こうした命へのまなざしは、展示室でひときわ目を引く《息を織る2021》にも引き継がれている。119個の小さなガラスの球体で構成される本作は、今年の初夏から秋までの約4ヶ月に渡り、1日1回、溶けたガラスに作家が息を吹き込み続けた記録となっている。本作の出発点には、作家自身が闘病生活を送っていた時期に、自らの生の証を残したいと願った切実な思いがあるという。
また作品の制作過程で生じるガラスの削りかすを型に入れ焼成した、「見えないをつんで聞こえないをたてる」シリーズからも複数点展示する。
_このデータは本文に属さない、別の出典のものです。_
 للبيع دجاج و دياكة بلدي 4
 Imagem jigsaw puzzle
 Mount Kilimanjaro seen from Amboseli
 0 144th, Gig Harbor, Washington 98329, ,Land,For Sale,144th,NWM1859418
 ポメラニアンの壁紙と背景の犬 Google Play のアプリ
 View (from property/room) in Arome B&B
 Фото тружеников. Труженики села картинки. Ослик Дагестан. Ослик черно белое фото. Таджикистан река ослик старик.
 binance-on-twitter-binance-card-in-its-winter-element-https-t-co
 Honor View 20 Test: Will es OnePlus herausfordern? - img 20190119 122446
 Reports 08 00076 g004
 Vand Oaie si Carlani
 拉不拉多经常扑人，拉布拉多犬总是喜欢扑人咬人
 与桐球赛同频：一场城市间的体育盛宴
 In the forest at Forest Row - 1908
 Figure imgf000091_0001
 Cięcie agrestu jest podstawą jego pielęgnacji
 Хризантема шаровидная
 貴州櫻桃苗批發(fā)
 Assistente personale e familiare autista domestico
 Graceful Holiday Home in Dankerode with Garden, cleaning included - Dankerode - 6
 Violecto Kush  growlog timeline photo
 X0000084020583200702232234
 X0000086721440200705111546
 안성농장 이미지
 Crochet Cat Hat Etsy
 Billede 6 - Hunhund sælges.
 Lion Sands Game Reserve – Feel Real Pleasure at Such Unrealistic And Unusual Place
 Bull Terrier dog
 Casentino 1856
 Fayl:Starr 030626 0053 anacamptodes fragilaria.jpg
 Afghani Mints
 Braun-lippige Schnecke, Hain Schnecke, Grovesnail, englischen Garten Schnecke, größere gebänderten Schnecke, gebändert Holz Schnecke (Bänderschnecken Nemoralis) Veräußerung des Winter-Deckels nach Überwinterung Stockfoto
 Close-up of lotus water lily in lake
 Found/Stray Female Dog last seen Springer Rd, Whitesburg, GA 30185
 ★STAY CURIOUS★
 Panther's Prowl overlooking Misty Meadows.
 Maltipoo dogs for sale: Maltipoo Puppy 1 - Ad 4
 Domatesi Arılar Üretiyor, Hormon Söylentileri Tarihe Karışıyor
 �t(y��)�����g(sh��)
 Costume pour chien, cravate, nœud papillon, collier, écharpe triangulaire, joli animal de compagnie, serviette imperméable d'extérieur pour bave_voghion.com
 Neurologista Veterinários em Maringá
「第3章 記憶にのこす」には、川村紗耶佳(1989〜)と丸木スマ(1875〜1956)という、1世紀以上生年が離れたふたりの作家の作品が並ぶ。
川村紗耶は、自身の幼少期の記憶や日常生活を水性木版画によって表現。北海道に生まれ育ち、同地で育まれた感性をもとに、「記憶」というテーマに向き合ってきた。2020年に第11回高知国際版画トリエンナーレで大賞を受賞するなど、現在注目を集めている気鋭の作家だ。
「人物が思うのは、頭のなかに残るいくつもの故郷の風景、そして、どこか懐かしい誰でもない誰かの記憶です」という作家の言葉が展示室で紹介されているとおり、描かれた人物や風景は特定のものではない。それゆえに鑑賞者にとってもどこか懐かしい共感を呼び覚ますものになっている。
丸木スマは、《原爆の図》を描いた画家、丸木位里の母としても知られる。家事、育児、仕事と忙しい人生を過ごし、70歳を過ぎてから絵筆をとった。画家として生きたのはわずか10年弱だが、その素朴かつ天真爛漫な作品は人々の心を掴み、女流画家協会展や院展で入選を重ねた。
身近な生き物や植物、生活風景を鮮やかに描き出した画面からは、生きる喜びが溢れんばかりに感じられるだろう。
いっぽう、広島に投下された原爆によって従兄弟や夫を亡くすという悲しい経験も、その絵に反映されている。
展示室の最後に配置された二曲一隻屏風の《簪》(1955)は、第40回院展の入選作。花々や鳥たち、野山や空気といった多種多様な“とりまくもの”たちと交歓するような本作は、会場から立ち去ろうとする鑑賞者の背中をそっと押しながら、日常にあふれる命の輝きに目を向けることの大切さを優しく説くようだ。